18-Aug-2022: Scientists formulate model to trace elusive exo-moons from JWST data
Scientists have developed a model to trace the so far elusive exomoons – natural satellites that revolve around exoplanets (planets orbiting stars other than the Sun) with the help of the James Webb Space Telescope (JWST), launched in December 2021. This may also help detect habitable exo-moons in the future and understand new worlds beyond our own.
So far, five thousand exoplanets --- planets orbiting stars other than the Sun, have been discovered by using several ground-based and space telescopes such as Kepler, CoRoT, Spitzer, and Hubble space telescopes. However, the natural satellites or exomoon around any of these planets still remain untraced.

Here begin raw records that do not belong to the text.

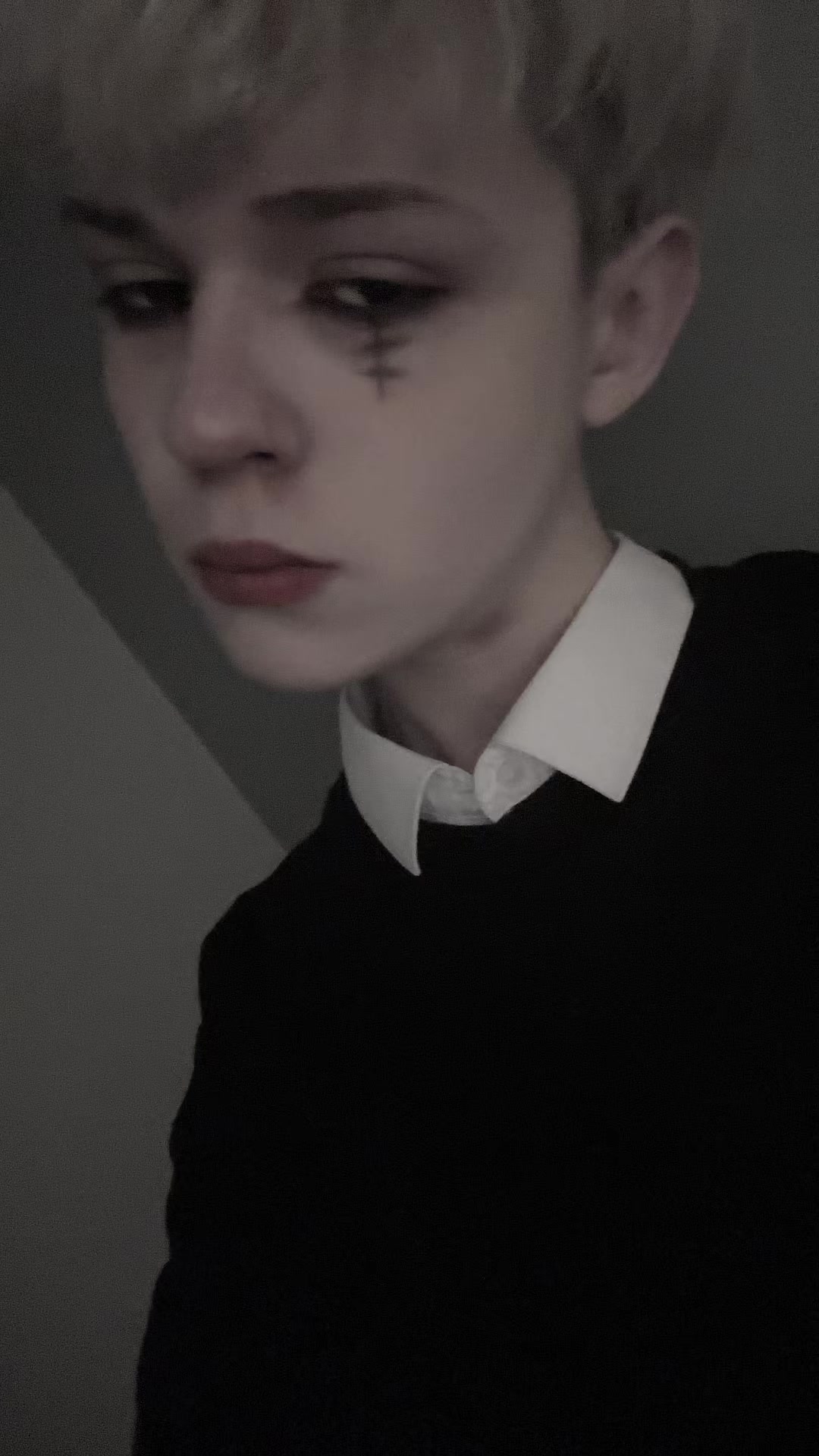 @etxrnlbleed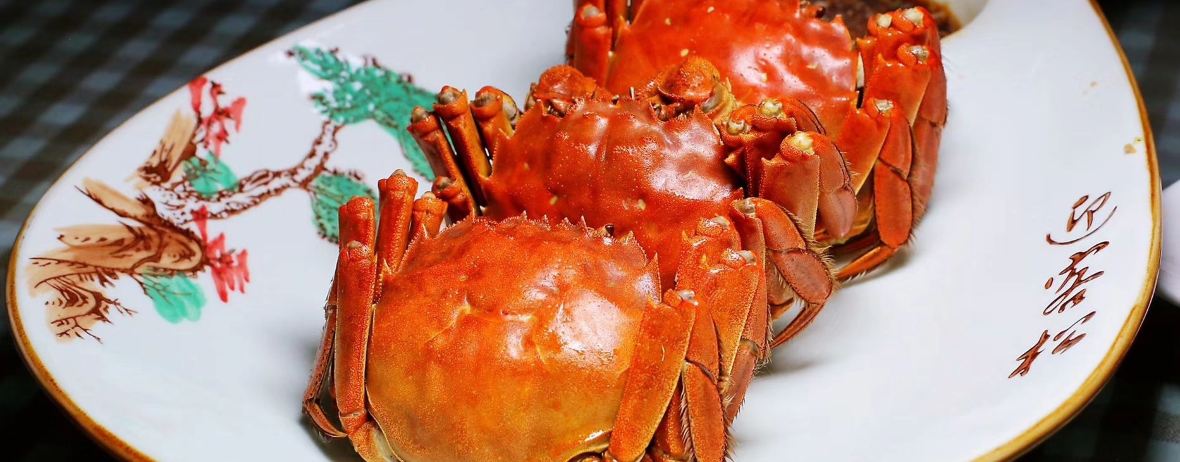 绝味虾(乐至店)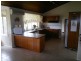 30 Alfred Cl, Nambucca Heads NSW 2448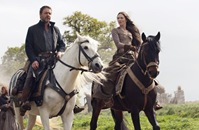 Robin Hood 5
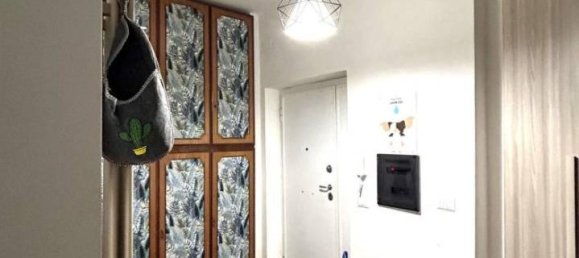 2غرفة شقة في Rome, Italy رقم 31823 2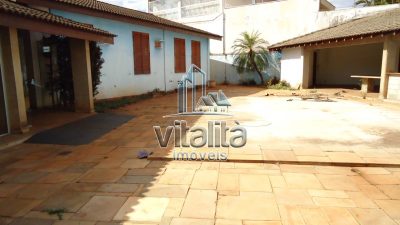 Prédio Inteiro, 550 m² - Foto 3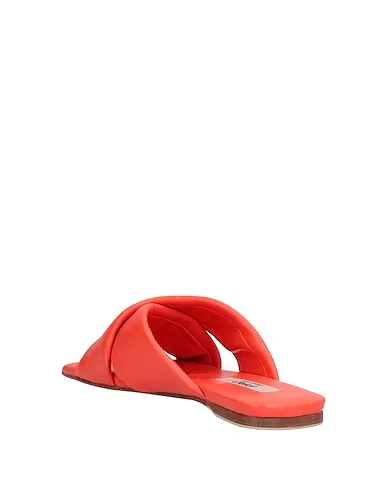 https://images.styletyx.com/images/orange-leather-sandals-giancarlo-paoli-13146100_3.webp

The Solar system is constituted of a large number of natural satellites with various sizes and mass, and many of them influence the ambient environment of the Solar planets. Therefore, a large number of exomoons are expected to be present, and they may play a crucial role in the habitability of rocky exoplanets in the habitable zone of their host stars. While most exoplanets are detected through photometric transit method, signals from exo-moons are too weak to detect mainly because of their extremely small size.
Scientists at the Indian Institute of Astrophysics, Bangalore, an autonomous institute of the Department of Science and Technology, have demonstrated that the newly launched James Webb Space Telescope (JWST) is sufficiently powerful to detect the transit signal of exomoons in the photometric light curves of moon hosting exoplanets.
Professor Sujan Sengupta and his graduate student Suman Saha have developed an analytical model that uses the radius and orbital properties of the host planet and its moon as parameters to model the photometric transit light curve of moon-hosting exoplanets by incorporating various possible orientations of the moon-planet-star system.
The co-alignment or non-coalignment of the orbits of the planet and the moon are used as parameters (using two angular parameters), and they can be used to model all the possible orbital alignments for a star-planet-moon system. Using these generic models and the analysis of photometric transit light curves of exoplanets that is being obtained by JWST, a large number of exomoons can be detected in near future. According to the researchers, an exo-moon around a gas giant planet like Jupiter in the habitable zone of the host star where temperature is appropriate for water to exist in liquid state may harbour life. Under favourable alignment of moon-planet-star, such exomoon may also be detected by JWST. The research has been accepted for publication in The Astrophysical Journal, which is published by the American Astronomical Society (AAS).
11-Jan-2018: James Webb Space Telescope successfully completes critical testing
NASA’s James Webb Space Telescope the world’s premier infrared space observatory of the next decade — has successfully completed critical testing in a massive thermal vacuum chamber, enabling it to function properly in the extremely cold and airless environment in space in 2019.
The James Webb Space Telescope (JWST) is the largest space telescope ever built. It is an international collaboration of about 17 countries including NASA, European Space Agency (ESA) and the Canadian Space Agency (CSA). When it is launched in 2019, it will be
the world’s biggest and most powerful telescope.
It features a 21.3-foot-wide primary mirror made up of 18 adjustable gold-coated segments. Webb Telescope is a barrier-breaking mission for engineers and astronomers that will help solve mysteries of our solar system, look beyond to distant worlds around other stars, and probe the mysterious structures and origins of our universe and our place in it.
Webb telescope arrived at NASA's Johnson Space Centre in Houston in May 2017, where it underwent critical cryogenic testing for nine months inside Chamber A, a massive thermal vacuum chamber at the centre. On July 10, the cryogenic testing of the telescope began. During approximately 100 days in the chamber, Webb was put through a series of tests designed to ensure the telescope functioned as expected in an extremely cold, airless environment akin to that of space.
Scheduled for launch in the spring of 2019 aboard a European Ariane 5 rocket, the gamut of tests ensured that Webb will safely reach its orbit at Earth's second Lagrange point (L2) and be able to successfully perform its science mission.
When it is launched into space it will be able to peer back in time 3.5 billion years, teaching us more than ever before about the start of the universe. The telescope will be used to look back to the first galaxies born in the early universe more than 13.5 billion years ago, and observe the sources of stars, exoplanets, and even the moons and planets of our solar system.